Exercise instructions:
Output every entry exactly, without any pictures.

[Caption-style text data]
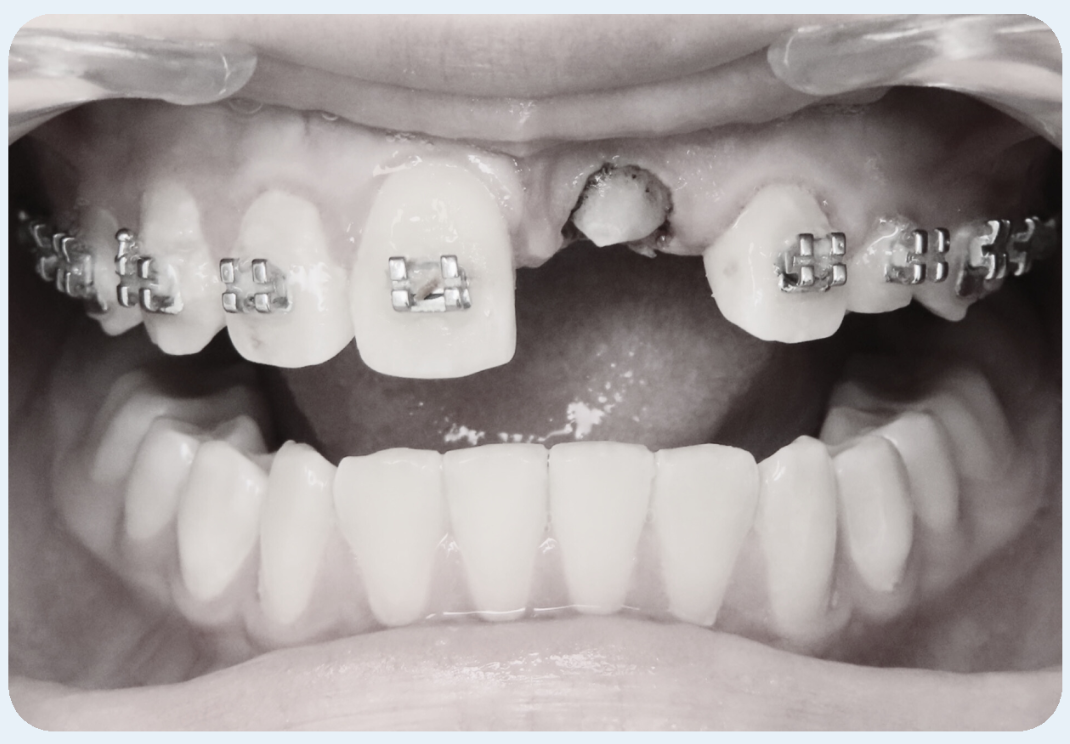 Canine Substitution for a Compromised Central Incisor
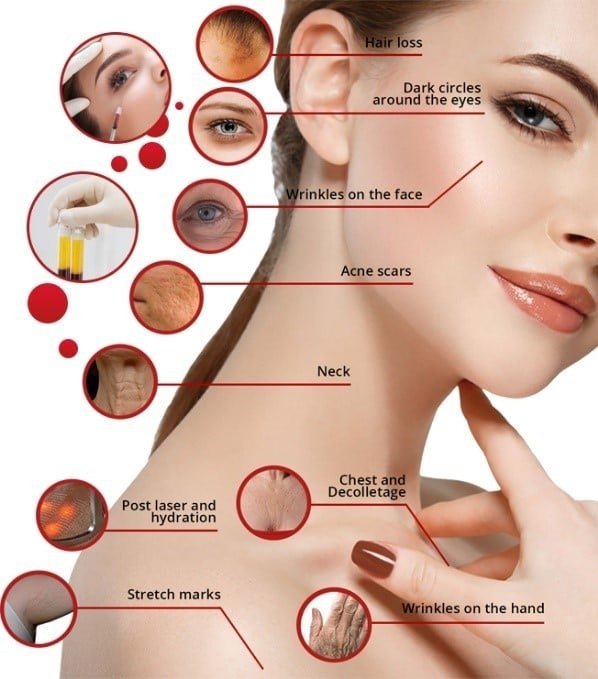 AllThingsVain's tweet photo. Get the best of both worlds with our BOGO PRP + IPL “Combo”! Includes two IPL treatments and two PRP facials for unbeatable results at $1,352.

https://t.co/nNwaJZqbar

#SkinRejuvenation #BlackFridayDeals #denver #lonetreecolorado #parkercolorado #Parker #highlandsranchcolorado https://t.co/SHtXg69ORK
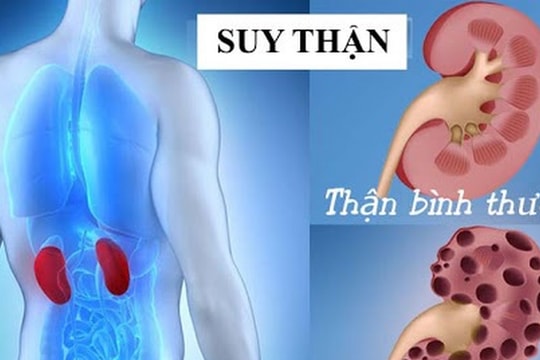 Những bất thường trên cơ thể cảnh báo chức năng thận suy giảm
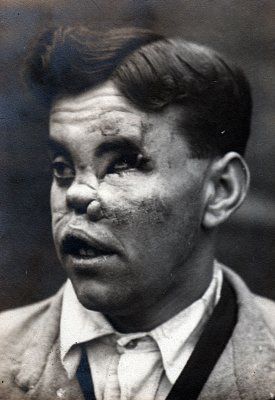ww1_plastic_surgery_013.jpg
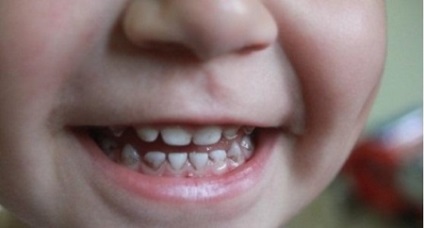 Fekete plakk a fogak gyermekeknél okoz (6 fénykép) miért megfeketedik (gyermek) Fekete plakk a fogak gyermekeknél okoz (6 fotó) miért megfeketedik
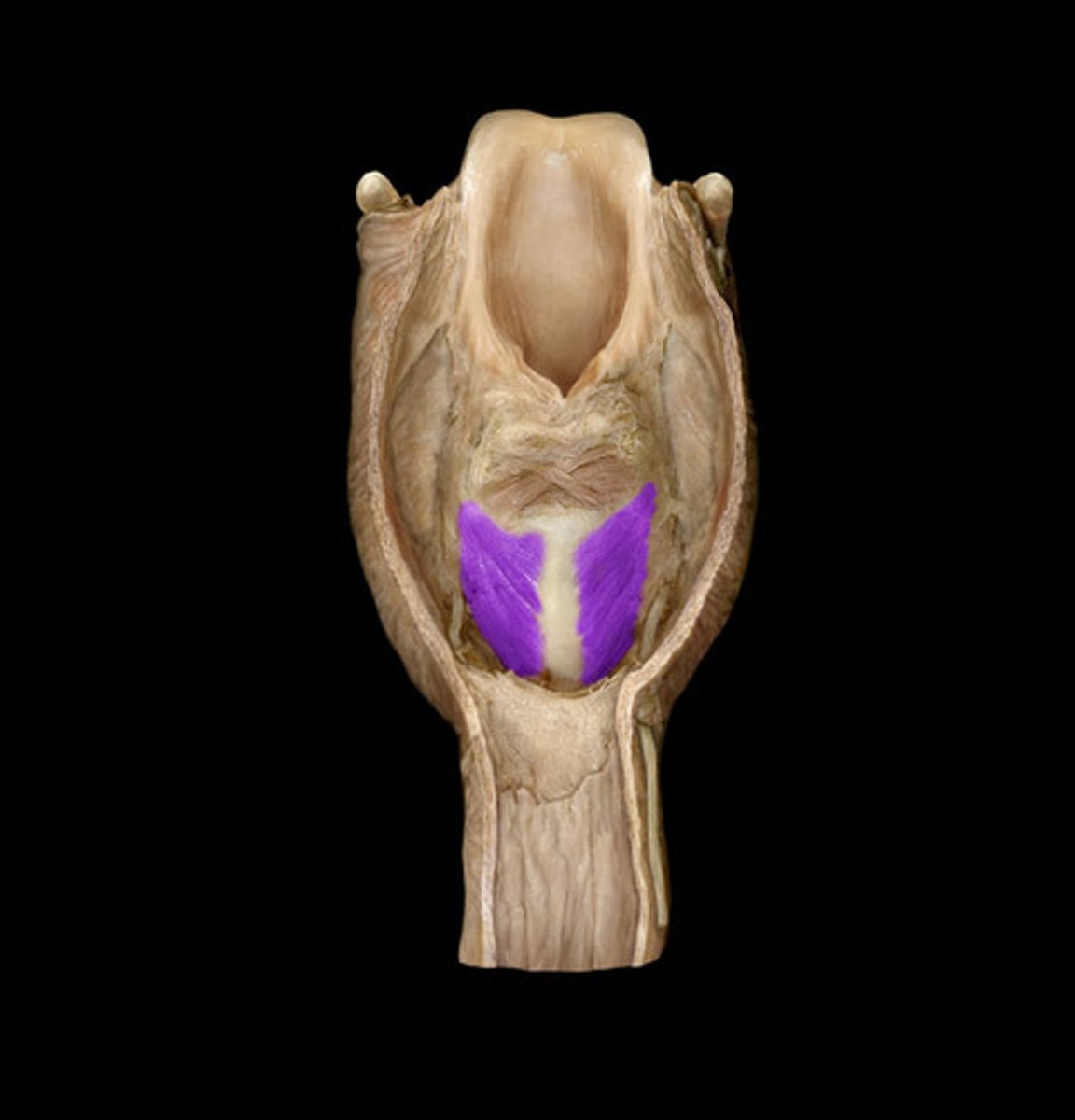 <p>Name the Muscle</p>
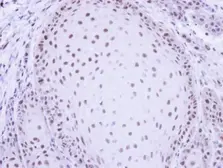 Anti-PRP19 antibody [C1C3] used in IHC (Paraffin sections) (IHC-P). GTX106952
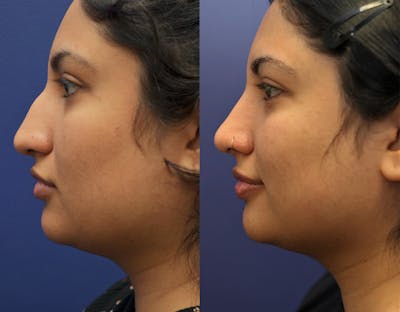 Rhinoplasty (Nose Reshaping) Before & After Gallery - Patient 141526208 - Image 4
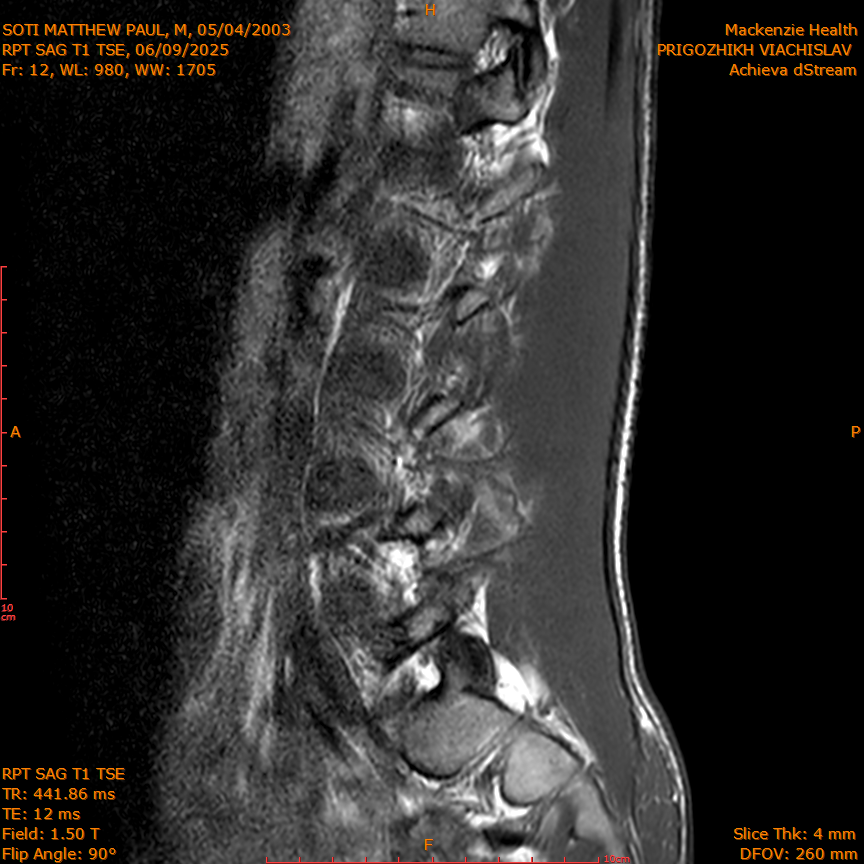 2025-06-09/RPT SAG T1 TSE/0013-IM220.png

Answer:
 Canine Substitution for a Compromised Central Incisor
 AllThingsVain's tweet photo. Get the best of both worlds with our BOGO PRP + IPL “Combo”! Includes two IPL treatments and two PRP facials for unbeatable results at $1,352.

https://t.co/nNwaJZqbar

#SkinRejuvenation #BlackFridayDeals #denver #lonetreecolorado #parkercolorado #Parker #highlandsranchcolorado https://t.co/SHtXg69ORK
 Những bất thường trên cơ thể cảnh báo chức năng thận suy giảm
ww1_plastic_surgery_013.jpg
 Fekete plakk a fogak gyermekeknél okoz (6 fénykép) miért megfeketedik (gyermek) Fekete plakk a fogak gyermekeknél okoz (6 fotó) miért megfeketedik
 <p>Name the Muscle</p>
 Anti-PRP19 antibody [C1C3] used in IHC (Paraffin sections) (IHC-P). GTX106952
 Rhinoplasty (Nose Reshaping) Before & After Gallery - Patient 141526208 - Image 4
 2025-06-09/RPT SAG T1 TSE/0013-IM220.png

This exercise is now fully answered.